How To Do Branding For Rural Market

Last updated on 23 May, 2018 | 0 comments

Rural Branding

Stiff competition in the metros and big cities has pushed the corporate houses in the Indian market to go rural for revenue generation. The saturated urban market and cutthroat competition among the market players have taken a toll on margins, operating in urban areas. It has created an atmosphere for the marketers to rush to the rural population and predictions are on, that the rural markets are also going to be competitive in the near future to come. So, the marketers ought to take things urgently to establish product brands at the earliest to tap the untamed rural market.

Proper research and studies required for branding in rural markets. It shouldn’t be something like extending the brand of the product used in urban areas to the rural market. Undermining the brand power for rural markets may harm the company beyond its expectation. So, here we will see how brands can be created and developed for rural markets.

Step 1: Select a brand name

Do some research on the target market and try to observe their culture, tradition, language, education and most importantly their likings. If you take these things into consideration, you may realise that the rural people are much comfortable and feel at home with simple names, local and culturally bonded. Even the multinational companies like Samsung, LG and many more have created products and brands incommensurate with the mentality of the rural people. Samsung has named one of its mobile series as ‘Guru’. ‘Guru’ is a Sanskrit word which means the teacher whose position is very respectable in our society.

People find this type of names very native and feel comfortable in using it. The brand name and pricing of the mobile phones were done by Samsung India keeping in mind the rural population of the Country. And it proved to be a very successful brand.

Desi approach helps in rural branding Click To Tweet

Step 2: Positioning brand

It means take your brand name is such a position that it is embedded in the minds of the people. Obviously, a ‘desi’ (local) approach has a better reachability than any other techniques inculcated globally. Regional or local names, tag-lines and slogans in native languages, describing features in easy and lucid languages, easy to remember symbols, advertisements in vernacular languages etc. work better in penetrating rural and semi-rural markets. For example, Shree Cement Limited has introduced a cement named Shree Ultra Jung Rodhak (Anti Rust) Cement. This brand created an image in the minds of the people especially in rural areas that this is the cement that protects your house from rusting. The idea clicks and a notion is created among the masses which stimulates revenues.

Step 3: Enhancing recognition

Your brand needs a recognition which is beyond your practiced business techniques.

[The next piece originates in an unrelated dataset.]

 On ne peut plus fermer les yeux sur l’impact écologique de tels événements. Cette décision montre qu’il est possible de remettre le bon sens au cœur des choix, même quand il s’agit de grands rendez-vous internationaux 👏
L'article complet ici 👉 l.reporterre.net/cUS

It’s the identification mark that creates a space for you. For example, your logo or symbol with materialistic element surrounding us draws more attention than abstract arts. Suppose you are using a symbol of small metallic water pot (‘lota’ in Hindi) on a matchbox produced by you. Rural people where the literacy rate is not that high, they remember such things very easily. They will go to the shop and say ‘lota wala machish dena’; please give me the match with a symbol of ‘lota’. Here is your victory.

Step 4: Building brand image

Try to create a brand having a personality, especially in the eyes of rural people. The brand name should be such, that radiates respect, proud and trust. Like Mahindra & Mahindra Ltd. Introduced tractor series brands like Arjun, Yuvraj, Swaraj etc. People like these names and associate them with the statures.

Step 5: Countering spurious brands

This is what differentiates branding in urban areas to rural areas. Sounds odd, but the fact is your own brand has to fight against lots of brands that look alike, spells alike and the products which look desperately duplicate. Manufacturers of such spurious brands mostly ride piggyback on the advertising campaign of large players and establish their own brands in the region. Since rural customers are less literate and exposed to various brands only through media, the chances of their going to the market brand recall and being duped are high. This eventually affects their post-purchase decisions and can harm the image of the company.

A few steps that can counter spurious brands are:
a) Set-up a task force to curb the menace of duplicate manufacturers. Involve police and administration to take stringent action against unscrupulous traders and marketers.
b) Packaging upgradation is one of the effective tools to counter spurious brands. Constant changing of packets may leave them at a loss.
c) An uninterrupted supply and better distribution network will help manufacturers to be present in rural areas which ultimately results in the ouster of fake and spurious brands from the market.

A new study has revealed that branding with social perspective especially in the rural areas has better exposure than anything else. It means the companies interested in augmenting brand value should tie up or associate or sponsor social causes of upliftment. On the one hand, it will advertise about the brands’ presence in the market which the Company is striving for and on the other, the social living standards of the people can be exalted. For example, detergent and soap manufacturing companies are involving themselves in the awareness programs addressing hand sanitation and hygiene.